MRS. OLIVER ONIONS has a light puckish humour and a smooth if over-hasty pen, and I don't think she quite does her own intelligence (or ours) full justice in The Bridge of Kisses (HUTCHINSON). I liked her flapper heroine, Joey, and the naughty nephews, the O.U.2's, and her sapper lover, The Bridge Builder, who was a confoundedly long time over his work, by the way, but ultimately came into his own over his own bridge of kisses, built under a heavy barrage of needless misunderstandings. But Joey's pipsqueak shirker fiancé, Hilary, was altogether too foolish a travesty of a man ever to have gained her hand or, having gained it, to have held it against any real male in or out of khaki. The fact is that "BERTHA RUCK" can achieve something better than these meandering methods and this spinelessness of characterisation; and it is distinctly disappointing to see her content with the curate's egg standard.


It is time that some of our novelists put up a statue to NAPOLEON for services rendered to the cause of fiction. In Miss MAY WYNNE'S A Spy for Napoleon (JARROLD) his misdeeds and those of his minions are made to serve the purpose of emphasizing the loyalty of the heroine to her lover. This lover was an Englishman of a type sufficiently familiar in novels—cold and masterful, but, for some reason not apparent to me, extremely attractive. As he seemed to be roaming about France with the object of getting NAPOLEON out of the way by any means available, I am not certain that he was playing the game, even when we remember that the rules of it were lax enough at the beginning of the nineteenth century. But we are not asked to weigh carefully the merits of character. It is just a romance of incident, in which a hot pace is set at the start and kept up to the finish. In short you get a good run for your money, and that is all about it.

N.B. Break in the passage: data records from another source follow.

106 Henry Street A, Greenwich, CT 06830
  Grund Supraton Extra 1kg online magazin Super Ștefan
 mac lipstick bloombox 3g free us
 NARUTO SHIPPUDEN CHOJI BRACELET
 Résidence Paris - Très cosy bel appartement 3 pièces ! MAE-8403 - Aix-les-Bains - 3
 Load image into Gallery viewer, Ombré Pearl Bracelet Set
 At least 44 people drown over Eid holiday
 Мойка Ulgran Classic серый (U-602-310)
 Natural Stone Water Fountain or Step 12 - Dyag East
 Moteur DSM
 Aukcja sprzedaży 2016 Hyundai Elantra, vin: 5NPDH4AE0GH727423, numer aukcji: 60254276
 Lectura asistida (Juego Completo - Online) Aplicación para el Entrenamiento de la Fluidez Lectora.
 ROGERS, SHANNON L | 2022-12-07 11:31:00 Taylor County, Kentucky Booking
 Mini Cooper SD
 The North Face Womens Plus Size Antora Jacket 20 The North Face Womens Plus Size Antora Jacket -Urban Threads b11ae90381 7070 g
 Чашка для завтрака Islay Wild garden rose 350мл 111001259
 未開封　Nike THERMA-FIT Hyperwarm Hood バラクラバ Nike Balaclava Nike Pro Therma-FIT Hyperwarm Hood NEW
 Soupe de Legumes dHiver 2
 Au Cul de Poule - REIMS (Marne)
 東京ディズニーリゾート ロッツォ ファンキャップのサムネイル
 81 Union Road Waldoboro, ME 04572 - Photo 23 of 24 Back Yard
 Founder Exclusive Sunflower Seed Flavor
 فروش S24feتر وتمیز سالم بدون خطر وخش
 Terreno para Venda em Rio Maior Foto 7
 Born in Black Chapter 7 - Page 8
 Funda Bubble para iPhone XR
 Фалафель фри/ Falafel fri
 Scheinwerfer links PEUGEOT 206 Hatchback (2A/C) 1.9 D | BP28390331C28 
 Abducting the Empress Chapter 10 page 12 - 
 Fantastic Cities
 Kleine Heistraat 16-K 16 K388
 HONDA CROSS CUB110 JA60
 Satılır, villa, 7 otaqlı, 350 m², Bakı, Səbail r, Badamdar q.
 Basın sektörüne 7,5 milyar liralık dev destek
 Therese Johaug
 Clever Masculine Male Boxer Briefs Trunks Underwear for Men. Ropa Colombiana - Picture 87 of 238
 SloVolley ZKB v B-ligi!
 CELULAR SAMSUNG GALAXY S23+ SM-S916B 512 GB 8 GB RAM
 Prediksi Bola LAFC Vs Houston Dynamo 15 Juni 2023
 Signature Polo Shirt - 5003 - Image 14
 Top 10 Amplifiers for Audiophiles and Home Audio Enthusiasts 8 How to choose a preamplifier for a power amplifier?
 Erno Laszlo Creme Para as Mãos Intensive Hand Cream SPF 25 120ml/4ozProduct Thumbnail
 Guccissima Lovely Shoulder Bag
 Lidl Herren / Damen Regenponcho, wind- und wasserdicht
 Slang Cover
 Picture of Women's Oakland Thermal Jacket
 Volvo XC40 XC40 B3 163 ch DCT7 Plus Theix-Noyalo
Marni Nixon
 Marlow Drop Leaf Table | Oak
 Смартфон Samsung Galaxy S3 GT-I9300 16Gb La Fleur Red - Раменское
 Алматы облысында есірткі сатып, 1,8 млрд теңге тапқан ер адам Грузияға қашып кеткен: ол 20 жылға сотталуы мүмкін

From a review of a novel:—

"Joan is pretty, and Stewart Austen ... asks her to marry him. Joan refuses indignantly on the ground that his views and conduct are opposed to those which as a member of a Suffrage Society she is pledged to eradicate."—The Saturday Westminster.

Why the lady should resent her lover's endorsement of her own opinions is just one of those things that no fellah (unless he is a reviewer) can understand.


"Besides being Paul Von Hindenburg's second self, Ludendorff is the transportation expert of the Central Powers. He was ordered to go to the industrial cities along the Rhine and the Rhone rivers."—Evening Paper.

It is a pity that the second part of this enterprise had for geographical reasons to be abandoned, for we understand that Lyons would have given him a particularly warm reception.


"The Canadian Club gave a luncheon to-day in honour of the Canadian Highlanders, who have been a picturesque feature of the British recruiting week in New York....

"An exciting incident occurred during the luncheon, when two German waiters were ejected from the room. The Highlanders now go to Chicago to make a similar demonstration."—Morning Paper.

As nothing more has been heard of the matter, it is supposed that the Germans in Chicago prudently refused to wait for them.